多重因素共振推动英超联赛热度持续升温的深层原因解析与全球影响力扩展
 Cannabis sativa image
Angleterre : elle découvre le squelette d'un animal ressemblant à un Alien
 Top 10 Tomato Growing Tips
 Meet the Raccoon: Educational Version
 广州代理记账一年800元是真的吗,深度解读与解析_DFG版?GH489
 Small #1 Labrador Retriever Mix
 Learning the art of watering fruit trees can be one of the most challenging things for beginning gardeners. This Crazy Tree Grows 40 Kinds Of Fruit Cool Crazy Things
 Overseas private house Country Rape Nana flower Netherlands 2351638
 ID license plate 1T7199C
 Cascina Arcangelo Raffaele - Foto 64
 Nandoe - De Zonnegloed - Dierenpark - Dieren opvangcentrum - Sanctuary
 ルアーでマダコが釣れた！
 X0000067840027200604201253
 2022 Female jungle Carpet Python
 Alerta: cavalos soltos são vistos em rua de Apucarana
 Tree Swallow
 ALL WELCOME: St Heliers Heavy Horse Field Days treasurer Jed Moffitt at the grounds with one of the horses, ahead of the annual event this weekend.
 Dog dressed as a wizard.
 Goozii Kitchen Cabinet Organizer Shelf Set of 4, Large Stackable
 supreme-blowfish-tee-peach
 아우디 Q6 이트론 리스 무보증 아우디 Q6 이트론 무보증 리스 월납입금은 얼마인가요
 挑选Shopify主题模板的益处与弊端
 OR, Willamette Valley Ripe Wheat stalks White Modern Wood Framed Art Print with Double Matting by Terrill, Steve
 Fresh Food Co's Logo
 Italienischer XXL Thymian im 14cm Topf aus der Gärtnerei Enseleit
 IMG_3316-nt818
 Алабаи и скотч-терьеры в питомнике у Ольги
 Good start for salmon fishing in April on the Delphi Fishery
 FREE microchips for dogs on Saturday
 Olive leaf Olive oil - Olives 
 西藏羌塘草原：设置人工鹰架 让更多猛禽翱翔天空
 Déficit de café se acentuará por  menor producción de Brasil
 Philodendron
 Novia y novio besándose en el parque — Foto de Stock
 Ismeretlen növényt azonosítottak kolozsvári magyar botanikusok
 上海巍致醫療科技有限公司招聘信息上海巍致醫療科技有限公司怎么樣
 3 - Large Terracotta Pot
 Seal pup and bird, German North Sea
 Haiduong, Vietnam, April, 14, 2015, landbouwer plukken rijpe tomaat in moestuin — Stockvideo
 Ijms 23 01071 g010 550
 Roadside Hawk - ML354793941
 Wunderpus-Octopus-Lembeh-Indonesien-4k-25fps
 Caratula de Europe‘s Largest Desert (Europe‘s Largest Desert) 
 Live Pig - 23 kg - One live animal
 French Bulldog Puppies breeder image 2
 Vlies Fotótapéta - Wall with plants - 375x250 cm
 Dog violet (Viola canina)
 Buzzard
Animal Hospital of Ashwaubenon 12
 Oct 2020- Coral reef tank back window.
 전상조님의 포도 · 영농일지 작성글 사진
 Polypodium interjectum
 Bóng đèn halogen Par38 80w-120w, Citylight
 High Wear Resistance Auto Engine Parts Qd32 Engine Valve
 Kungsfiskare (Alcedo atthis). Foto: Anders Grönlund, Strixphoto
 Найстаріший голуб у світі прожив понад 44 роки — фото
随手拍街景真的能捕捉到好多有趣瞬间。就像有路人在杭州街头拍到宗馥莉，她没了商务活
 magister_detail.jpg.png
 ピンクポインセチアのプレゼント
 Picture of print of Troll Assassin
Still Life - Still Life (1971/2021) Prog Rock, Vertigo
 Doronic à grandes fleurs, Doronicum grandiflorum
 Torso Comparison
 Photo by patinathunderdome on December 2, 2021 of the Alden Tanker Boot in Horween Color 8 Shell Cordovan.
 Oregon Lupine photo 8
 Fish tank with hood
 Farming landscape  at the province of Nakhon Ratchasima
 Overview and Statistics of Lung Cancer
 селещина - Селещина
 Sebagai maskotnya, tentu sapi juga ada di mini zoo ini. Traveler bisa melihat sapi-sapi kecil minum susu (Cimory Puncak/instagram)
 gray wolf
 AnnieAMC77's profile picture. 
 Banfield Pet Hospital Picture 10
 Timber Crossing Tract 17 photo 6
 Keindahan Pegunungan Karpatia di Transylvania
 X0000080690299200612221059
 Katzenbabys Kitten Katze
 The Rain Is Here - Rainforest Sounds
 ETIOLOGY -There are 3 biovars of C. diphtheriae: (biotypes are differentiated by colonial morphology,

Activity: Please output the entire listing exactly as it stands.

Result:
多重因素共振推动英超联赛热度持续升温的深层原因解析与全球影响力扩展
 Cannabis sativa image
Angleterre : elle découvre le squelette d'un animal ressemblant à un Alien
 Top 10 Tomato Growing Tips
 Meet the Raccoon: Educational Version
 广州代理记账一年800元是真的吗,深度解读与解析_DFG版?GH489
 Small #1 Labrador Retriever Mix
 Learning the art of watering fruit trees can be one of the most challenging things for beginning gardeners. This Crazy Tree Grows 40 Kinds Of Fruit Cool Crazy Things
 Overseas private house Country Rape Nana flower Netherlands 2351638
 ID license plate 1T7199C
 Cascina Arcangelo Raffaele - Foto 64
 Nandoe - De Zonnegloed - Dierenpark - Dieren opvangcentrum - Sanctuary
 ルアーでマダコが釣れた！
 X0000067840027200604201253
 2022 Female jungle Carpet Python
 Alerta: cavalos soltos são vistos em rua de Apucarana
 Tree Swallow
 ALL WELCOME: St Heliers Heavy Horse Field Days treasurer Jed Moffitt at the grounds with one of the horses, ahead of the annual event this weekend.
 Dog dressed as a wizard.
 Goozii Kitchen Cabinet Organizer Shelf Set of 4, Large Stackable
 supreme-blowfish-tee-peach
 아우디 Q6 이트론 리스 무보증 아우디 Q6 이트론 무보증 리스 월납입금은 얼마인가요
 挑选Shopify主题模板的益处与弊端
 OR, Willamette Valley Ripe Wheat stalks White Modern Wood Framed Art Print with Double Matting by Terrill, Steve
 Fresh Food Co's Logo
 Italienischer XXL Thymian im 14cm Topf aus der Gärtnerei Enseleit
 IMG_3316-nt818
 Алабаи и скотч-терьеры в питомнике у Ольги
 Good start for salmon fishing in April on the Delphi Fishery
 FREE microchips for dogs on Saturday
 Olive leaf Olive oil - Olives 
 西藏羌塘草原：设置人工鹰架 让更多猛禽翱翔天空
 Déficit de café se acentuará por  menor producción de Brasil
 Philodendron
 Novia y novio besándose en el parque — Foto de Stock
 Ismeretlen növényt azonosítottak kolozsvári magyar botanikusok
 上海巍致醫療科技有限公司招聘信息上海巍致醫療科技有限公司怎么樣
 3 - Large Terracotta Pot
 Seal pup and bird, German North Sea
 Haiduong, Vietnam, April, 14, 2015, landbouwer plukken rijpe tomaat in moestuin — Stockvideo
 Ijms 23 01071 g010 550
 Roadside Hawk - ML354793941
 Wunderpus-Octopus-Lembeh-Indonesien-4k-25fps
 Caratula de Europe‘s Largest Desert (Europe‘s Largest Desert) 
 Live Pig - 23 kg - One live animal
 French Bulldog Puppies breeder image 2
 Vlies Fotótapéta - Wall with plants - 375x250 cm
 Dog violet (Viola canina)
 Buzzard
Animal Hospital of Ashwaubenon 12
 Oct 2020- Coral reef tank back window.
 전상조님의 포도 · 영농일지 작성글 사진
 Polypodium interjectum
 Bóng đèn halogen Par38 80w-120w, Citylight
 High Wear Resistance Auto Engine Parts Qd32 Engine Valve
 Kungsfiskare (Alcedo atthis). Foto: Anders Grönlund, Strixphoto
 Найстаріший голуб у світі прожив понад 44 роки — фото
随手拍街景真的能捕捉到好多有趣瞬间。就像有路人在杭州街头拍到宗馥莉，她没了商务活
 magister_detail.jpg.png
 ピンクポインセチアのプレゼント
 Picture of print of Troll Assassin
Still Life - Still Life (1971/2021) Prog Rock, Vertigo
 Doronic à grandes fleurs, Doronicum grandiflorum
 Torso Comparison
 Photo by patinathunderdome on December 2, 2021 of the Alden Tanker Boot in Horween Color 8 Shell Cordovan.
 Oregon Lupine photo 8
 Fish tank with hood
 Farming landscape  at the province of Nakhon Ratchasima
 Overview and Statistics of Lung Cancer
 селещина - Селещина
 Sebagai maskotnya, tentu sapi juga ada di mini zoo ini. Traveler bisa melihat sapi-sapi kecil minum susu (Cimory Puncak/instagram)
 gray wolf
 AnnieAMC77's profile picture. 
 Banfield Pet Hospital Picture 10
 Timber Crossing Tract 17 photo 6
 Keindahan Pegunungan Karpatia di Transylvania
 X0000080690299200612221059
 Katzenbabys Kitten Katze
 The Rain Is Here - Rainforest Sounds
 ETIOLOGY -There are 3 biovars of C. diphtheriae: (biotypes are differentiated by colonial morphology,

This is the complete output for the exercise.